(Records contained in a dataset)
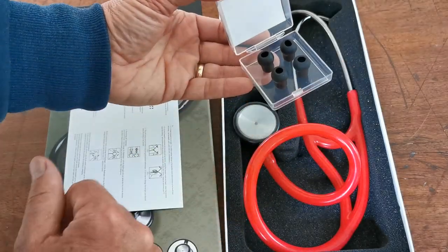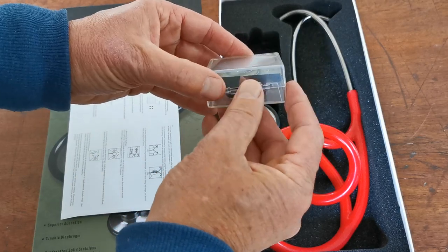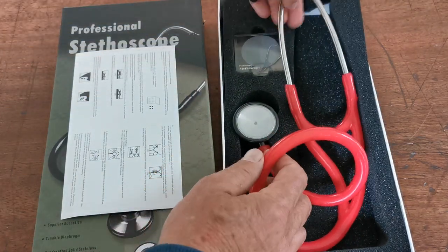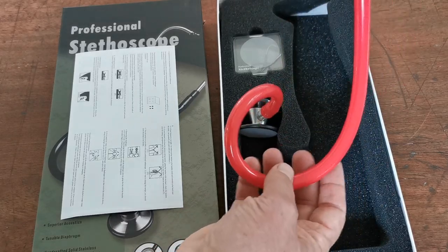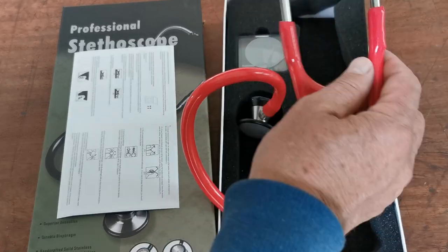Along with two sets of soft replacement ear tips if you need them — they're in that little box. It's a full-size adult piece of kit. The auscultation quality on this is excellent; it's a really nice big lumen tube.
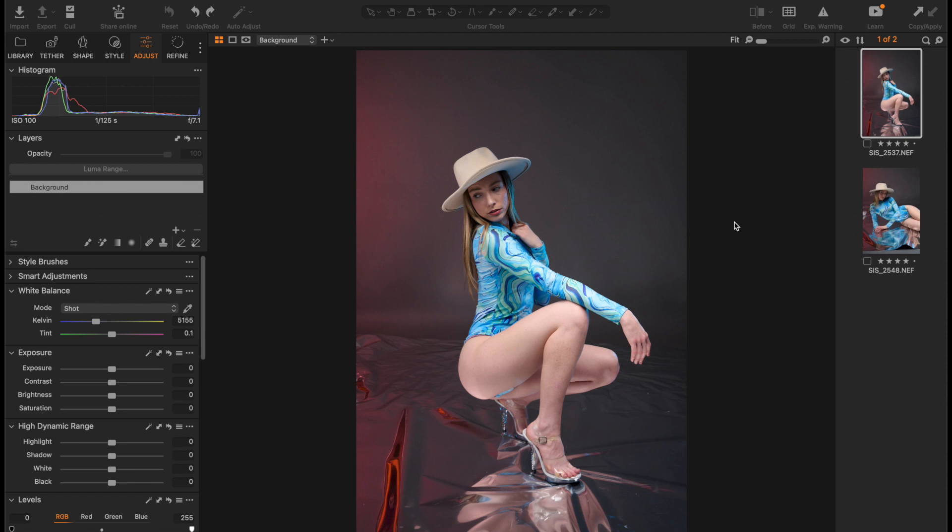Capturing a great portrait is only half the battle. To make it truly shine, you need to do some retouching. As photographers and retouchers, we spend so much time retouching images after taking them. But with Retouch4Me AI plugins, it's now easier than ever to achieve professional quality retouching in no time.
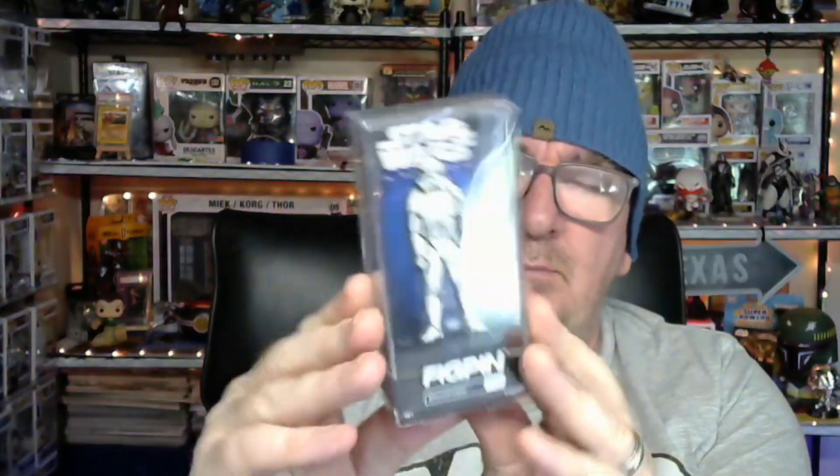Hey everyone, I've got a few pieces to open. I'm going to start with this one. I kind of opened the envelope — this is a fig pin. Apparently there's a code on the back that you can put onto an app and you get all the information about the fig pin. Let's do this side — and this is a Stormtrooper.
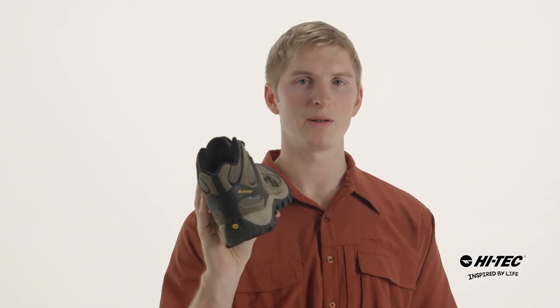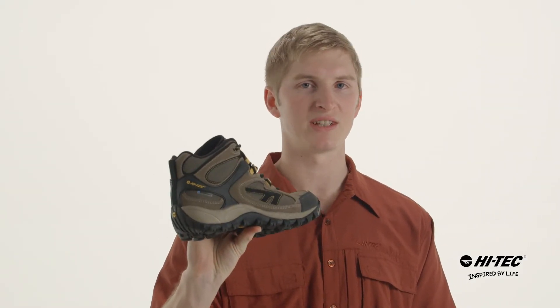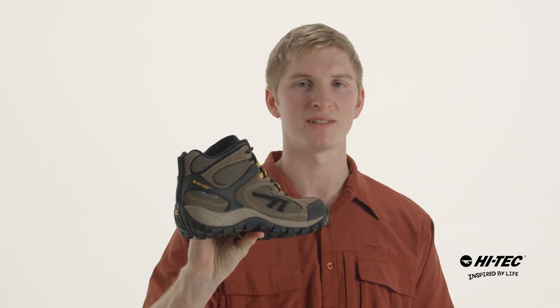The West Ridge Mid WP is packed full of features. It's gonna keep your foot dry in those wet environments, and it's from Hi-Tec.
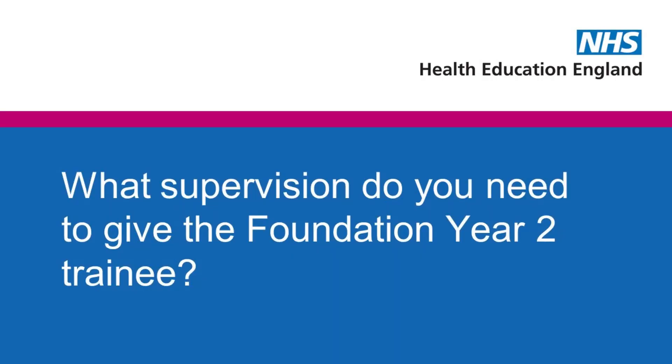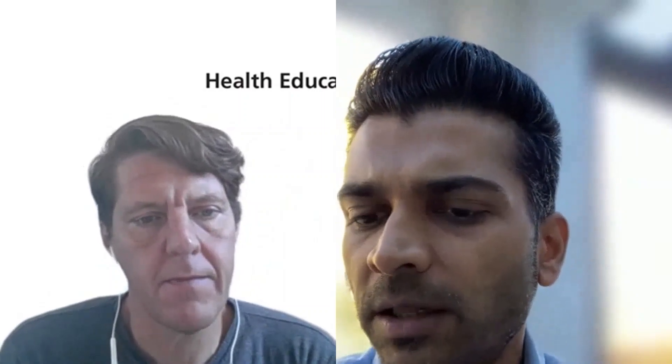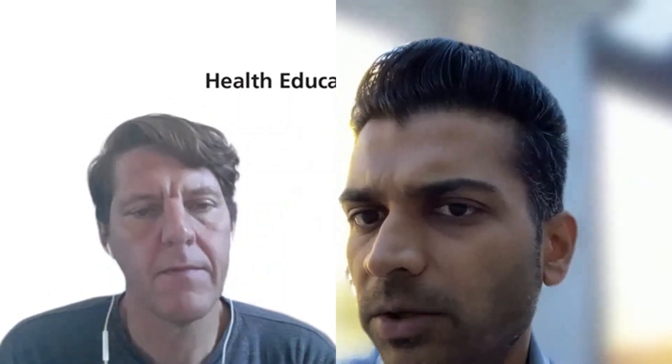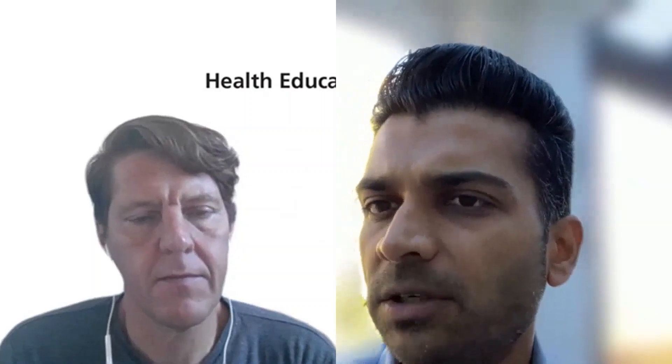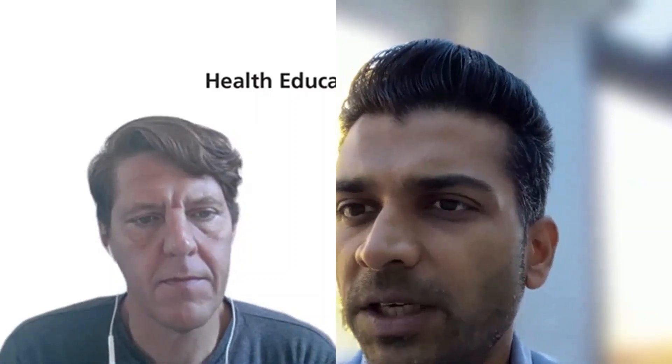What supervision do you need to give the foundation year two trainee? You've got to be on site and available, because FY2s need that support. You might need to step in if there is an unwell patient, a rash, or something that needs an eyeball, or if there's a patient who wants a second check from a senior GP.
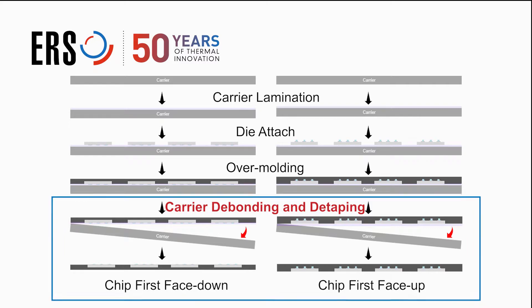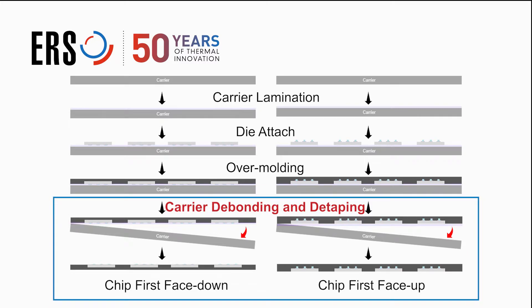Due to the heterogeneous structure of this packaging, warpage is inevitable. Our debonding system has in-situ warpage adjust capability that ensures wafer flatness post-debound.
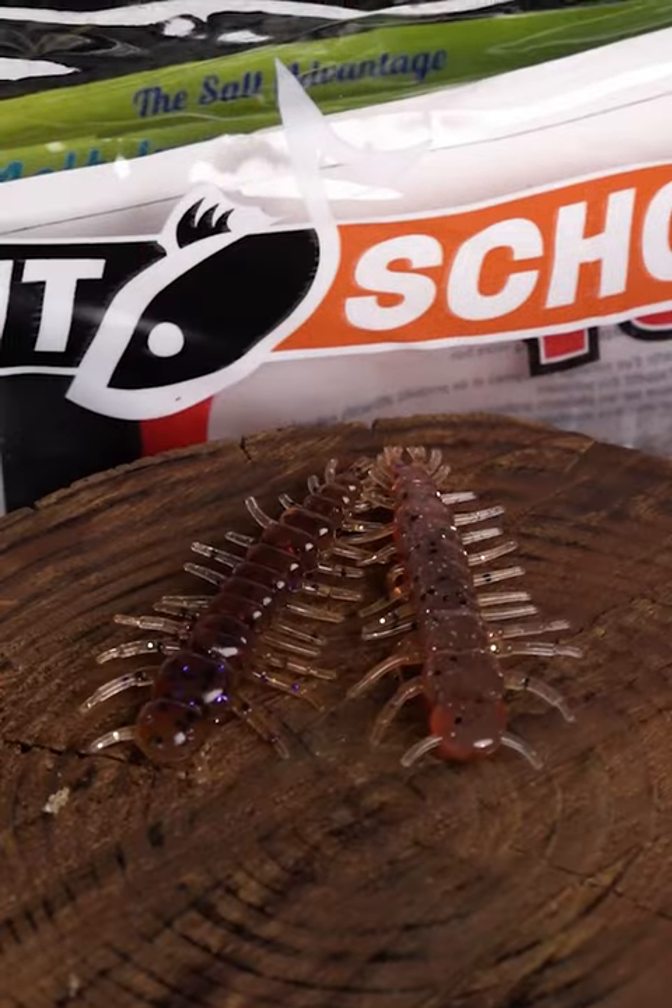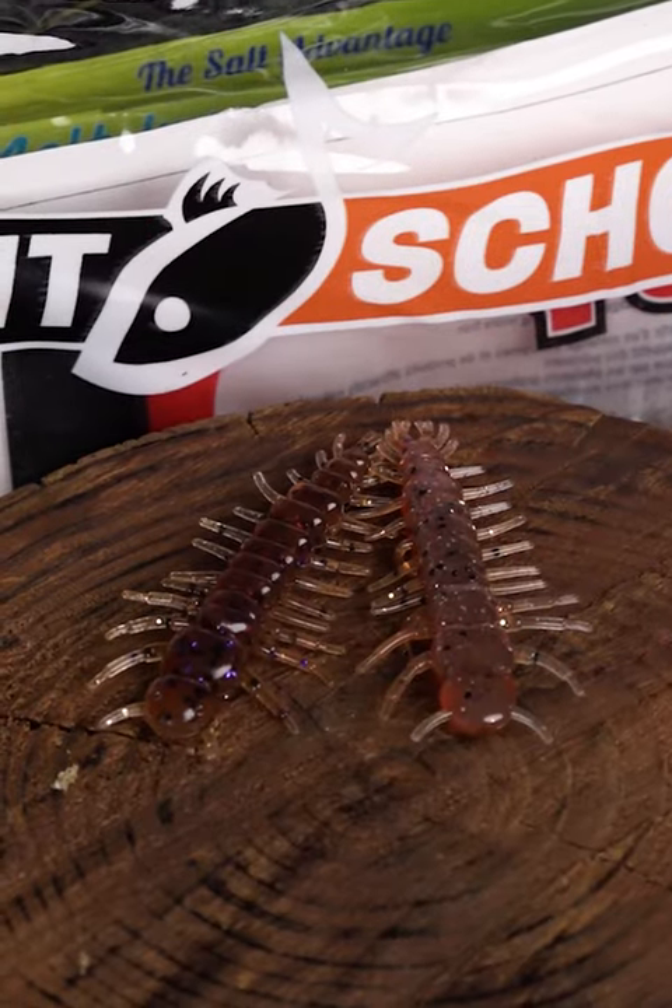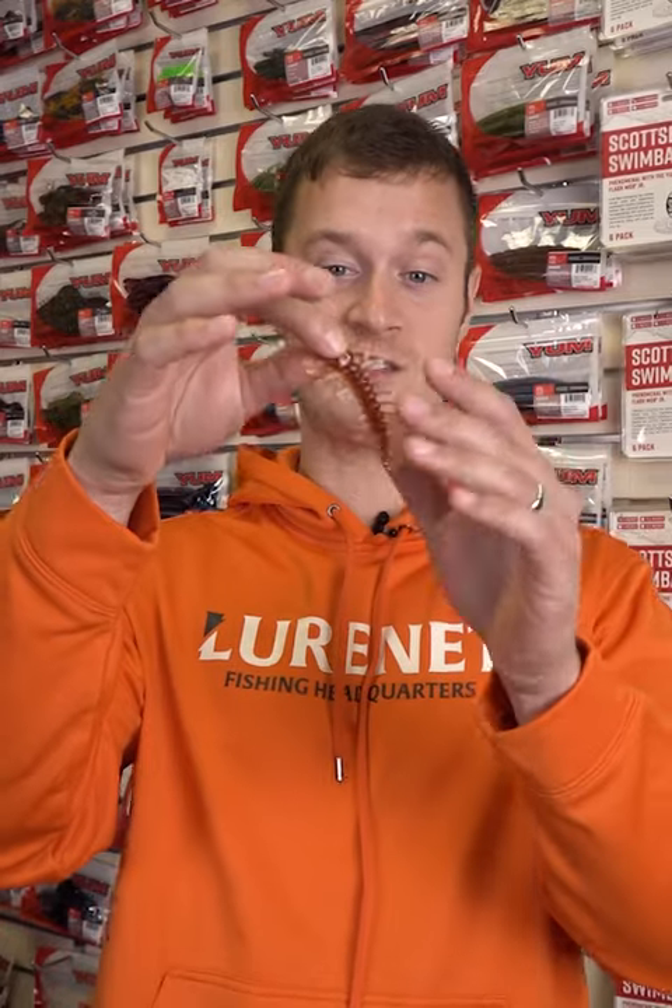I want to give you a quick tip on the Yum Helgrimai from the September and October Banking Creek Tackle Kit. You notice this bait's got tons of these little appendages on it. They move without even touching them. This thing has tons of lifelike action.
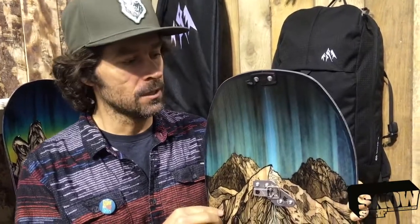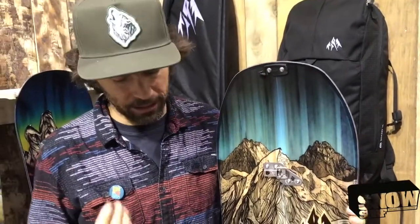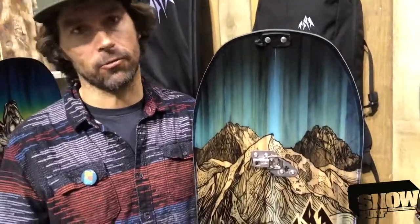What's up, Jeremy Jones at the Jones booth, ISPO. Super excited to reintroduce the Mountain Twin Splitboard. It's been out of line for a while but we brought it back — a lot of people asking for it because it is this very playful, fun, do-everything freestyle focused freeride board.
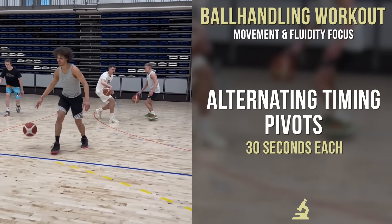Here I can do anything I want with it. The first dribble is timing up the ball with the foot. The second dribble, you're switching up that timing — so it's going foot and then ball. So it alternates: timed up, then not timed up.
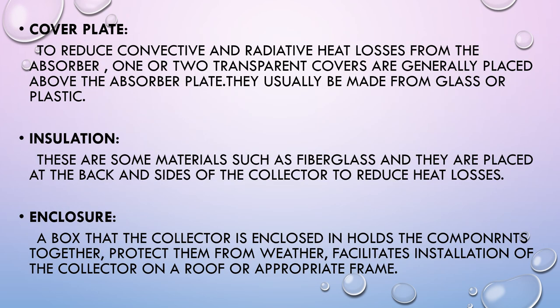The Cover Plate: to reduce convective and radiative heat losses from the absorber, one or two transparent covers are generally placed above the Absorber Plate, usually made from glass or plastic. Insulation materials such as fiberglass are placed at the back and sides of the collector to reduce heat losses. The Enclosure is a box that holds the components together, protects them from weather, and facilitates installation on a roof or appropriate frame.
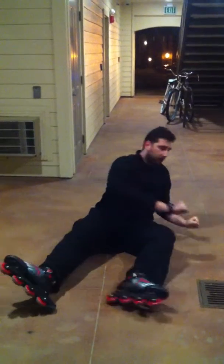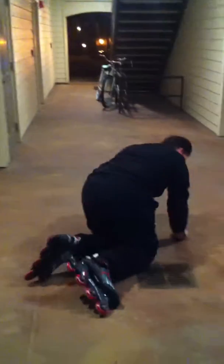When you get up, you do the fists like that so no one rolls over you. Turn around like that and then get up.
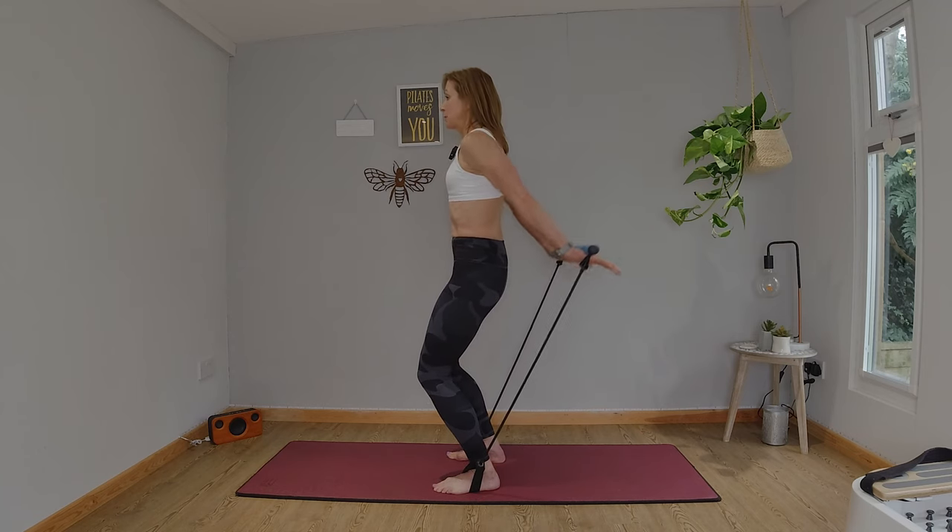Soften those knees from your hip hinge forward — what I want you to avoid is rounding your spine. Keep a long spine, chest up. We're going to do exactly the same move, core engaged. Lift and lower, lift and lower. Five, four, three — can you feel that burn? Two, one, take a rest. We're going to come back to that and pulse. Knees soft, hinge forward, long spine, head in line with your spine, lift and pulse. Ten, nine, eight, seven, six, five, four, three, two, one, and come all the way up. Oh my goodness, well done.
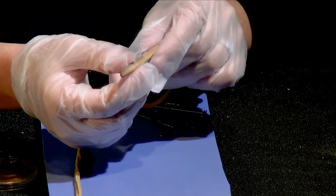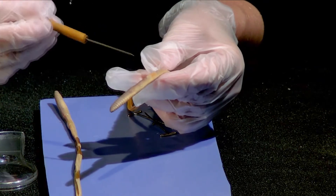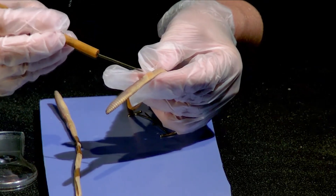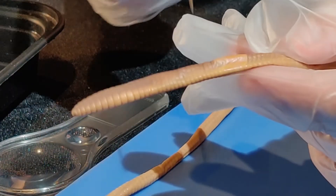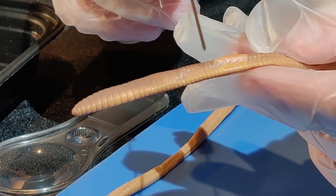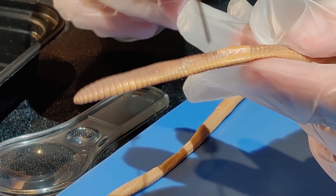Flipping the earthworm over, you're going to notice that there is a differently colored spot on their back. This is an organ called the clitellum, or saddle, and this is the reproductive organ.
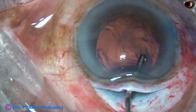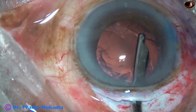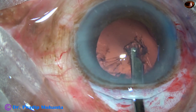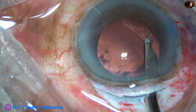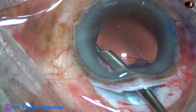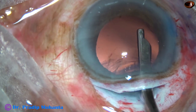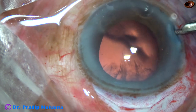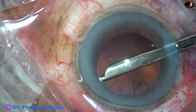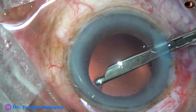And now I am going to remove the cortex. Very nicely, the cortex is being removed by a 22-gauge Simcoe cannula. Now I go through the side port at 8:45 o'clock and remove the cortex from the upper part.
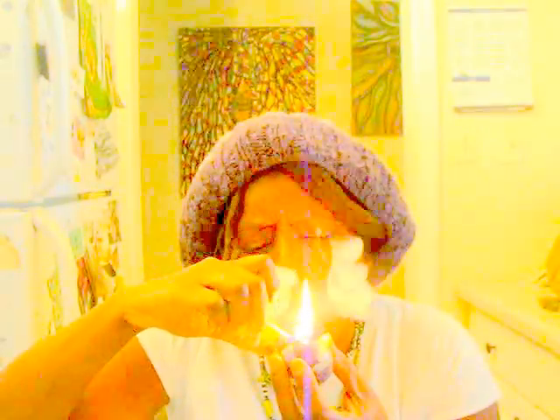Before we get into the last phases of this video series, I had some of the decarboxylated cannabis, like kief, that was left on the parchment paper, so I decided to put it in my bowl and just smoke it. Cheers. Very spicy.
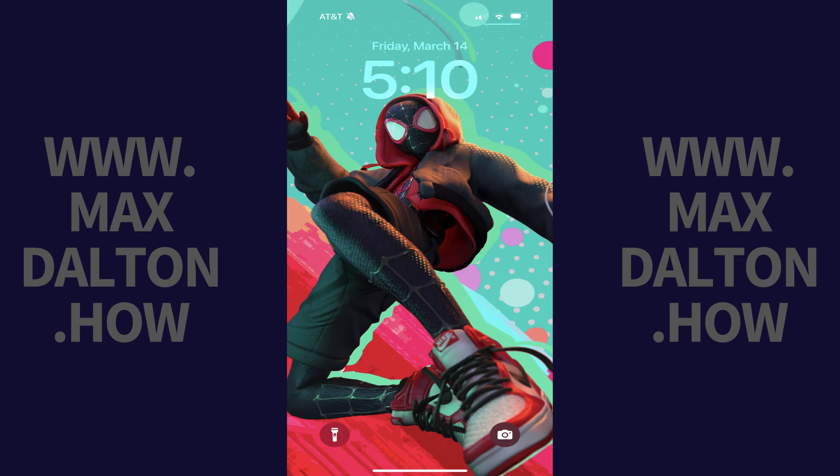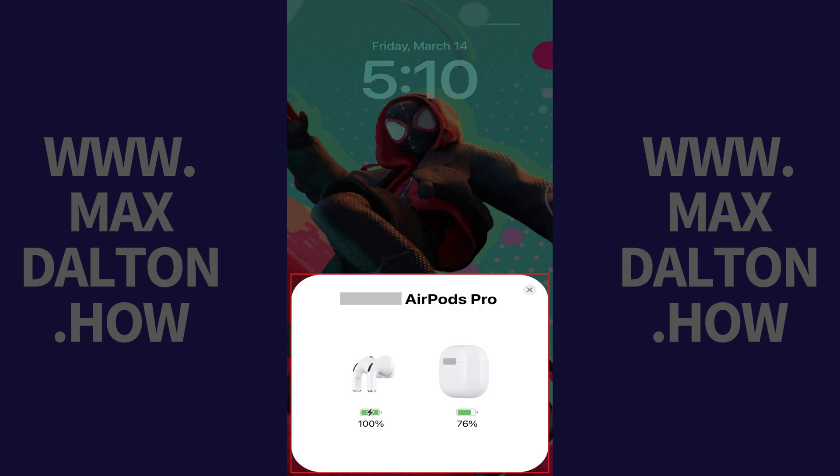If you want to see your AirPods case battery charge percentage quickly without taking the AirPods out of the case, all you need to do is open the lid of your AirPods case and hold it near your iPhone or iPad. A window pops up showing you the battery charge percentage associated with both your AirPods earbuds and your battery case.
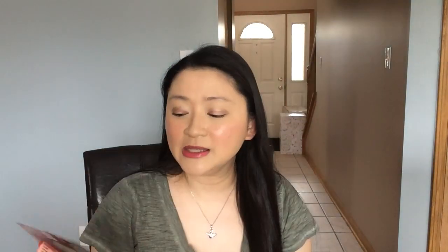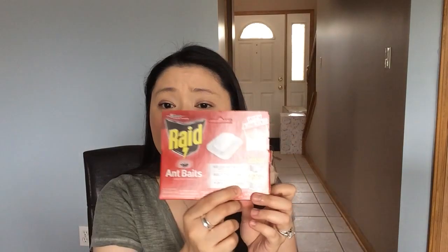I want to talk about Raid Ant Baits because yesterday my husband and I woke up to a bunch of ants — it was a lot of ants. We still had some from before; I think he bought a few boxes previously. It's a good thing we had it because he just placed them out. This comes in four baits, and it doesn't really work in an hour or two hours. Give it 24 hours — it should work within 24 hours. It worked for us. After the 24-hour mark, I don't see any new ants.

:: What is expected ::
Range to copy from the records above: the line containing "Due to the heterogeneous" to the line containing "I want to give", both included. Output those lines exactly and only those, skipping pictures.

:: Task solution ::
Due to the heterogeneous structure of this packaging, warpage is inevitable. Our debonding system has in-situ warpage adjust capability that ensures wafer flatness post-debound.
I want to give you a quick tip on the Yum Helgrimai from the September and October Banking Creek Tackle Kit. You notice this bait's got tons of these little appendages on it. They move without even touching them. This thing has tons of lifelike action.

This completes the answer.